Trump to Sign Historic One Big Beautiful Bill Tax Cuts Into Law


“The One, Big, Beautiful Bill" (OBBB) successfully navigated both the House and Senate with narrow, party-line votes in both chambers. The legislation was sent to President Trump's desk July 3, meeting the party's self-imposed Independence Day deadline, and signed into law by President Trump on July 4, 2025.

The Congressional Budget Office projects the legislation will expand federal deficits by $3.4 trillion through 2034. The bill permanently extends most Tax Cuts and Jobs Act provisions, including reduced individual rates, expanded standard deductions, enhanced child tax credits, and increased estate tax exclusions.

Business-friendly provisions receiving permanent status include full 100% expensing, complete bonus depreciation, and the 20% passthrough deduction. The state and local tax deduction cap rises to $40,000 through 2029 before reverting to $10,000. Although initially eliminated in the House version, the SALT cap workaround has been preserved.

The legislation also provides enhanced disaster relief for 2025 federal disaster victims, including Los Angeles wildfire survivors, allowing casualty loss deductions without itemizing while eliminating the 10% AGI threshold and raising per-casualty limits to $500.

The package incorporates several signature Trump initiatives: tax relief for tip income, overtime compensation, and automotive loan interest. Despite widespread concerns over Senate modifications, the House ultimately embraced the legislation following the upper chamber's July 1 approval.


Summary Tax Policy Framework

We are actively monitoring this legislation and analyzing how these provisions will impact our clients' tax situations. While final enactment requires presidential signature, we don't anticipate changes to the legislation at this point.

We're staying ahead of implementation details and will proactively identify opportunities where these new rules could provide more favorable tax treatment for your specific circumstances. We encourage you to reach out to discuss how these changes may affect your particular situation.


Key Tax Provisions

State and Local Tax (SALT) Deduction

Current Framework: Limits deductibility of state and local income, sales, and property taxes to applicable limitation amounts (generally $10,000), expiring at year-end 2025.

OBBB Approach: Raises the SALT cap to $40,000 through 2029, implementing phase-out provisions for high-income earners above $500,000 ($250,000 for married filing separately).
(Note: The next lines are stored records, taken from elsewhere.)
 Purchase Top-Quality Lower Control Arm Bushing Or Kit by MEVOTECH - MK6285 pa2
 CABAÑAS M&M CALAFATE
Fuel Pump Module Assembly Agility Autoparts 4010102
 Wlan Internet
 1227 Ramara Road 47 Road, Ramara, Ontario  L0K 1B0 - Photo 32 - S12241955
The cap reverts to $10,000 after 2029.


SALT Workaround Provisions

Current Framework: IRS guidance permits passthrough entities (partnerships and S corporations) to elect state tax payments at the entity level, providing owners with state tax credits that effectively circumvent SALT limitations.

OBBB Approach: While the House’s original version of the legislation eliminated the SALT workarounds, the final legislation omits any provision concerning the SALT workaround, thereby preserving existing workaround mechanisms, subject to future IRS guidance.
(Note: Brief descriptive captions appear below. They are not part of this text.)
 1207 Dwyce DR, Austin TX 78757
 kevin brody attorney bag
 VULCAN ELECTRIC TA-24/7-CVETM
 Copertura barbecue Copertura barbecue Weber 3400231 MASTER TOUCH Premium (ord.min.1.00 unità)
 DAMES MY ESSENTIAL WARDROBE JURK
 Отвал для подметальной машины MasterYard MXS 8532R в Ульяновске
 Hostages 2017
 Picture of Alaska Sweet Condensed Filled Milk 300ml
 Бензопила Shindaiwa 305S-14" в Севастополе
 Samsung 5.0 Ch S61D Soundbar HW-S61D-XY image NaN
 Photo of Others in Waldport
Bonus Depreciation and Expensing

Current Law: Provides bonus depreciation for qualifying property acquired after September 27, 2017, with expiration at year-end 2026.

OBBB Provision: Permanently allows 100% bonus depreciation for property acquired and placed in service on or after January19, 2025.


Business Asset Depreciation Enhancement

Current Law: Up to $1 million in qualifying property costs may be expensed.

OBBB Framework: Establishes $2.5 million maximum expensing, reduced proportionally when qualifying property costs exceed $4 million. Both thresholds receive inflation adjustments for taxable years beginning after 2025, applicable to property placed in service after December31, 2024.


Entertainment Industry Expensing

Current Law: Allows deduction of up to $15 million in production costs, requiring cost capitalization over time.

OBBB Enhancement: Expands special expensing rules to encompass sound recording costs up to $150,000 annually, qualifying sound recordings for bonus depreciation.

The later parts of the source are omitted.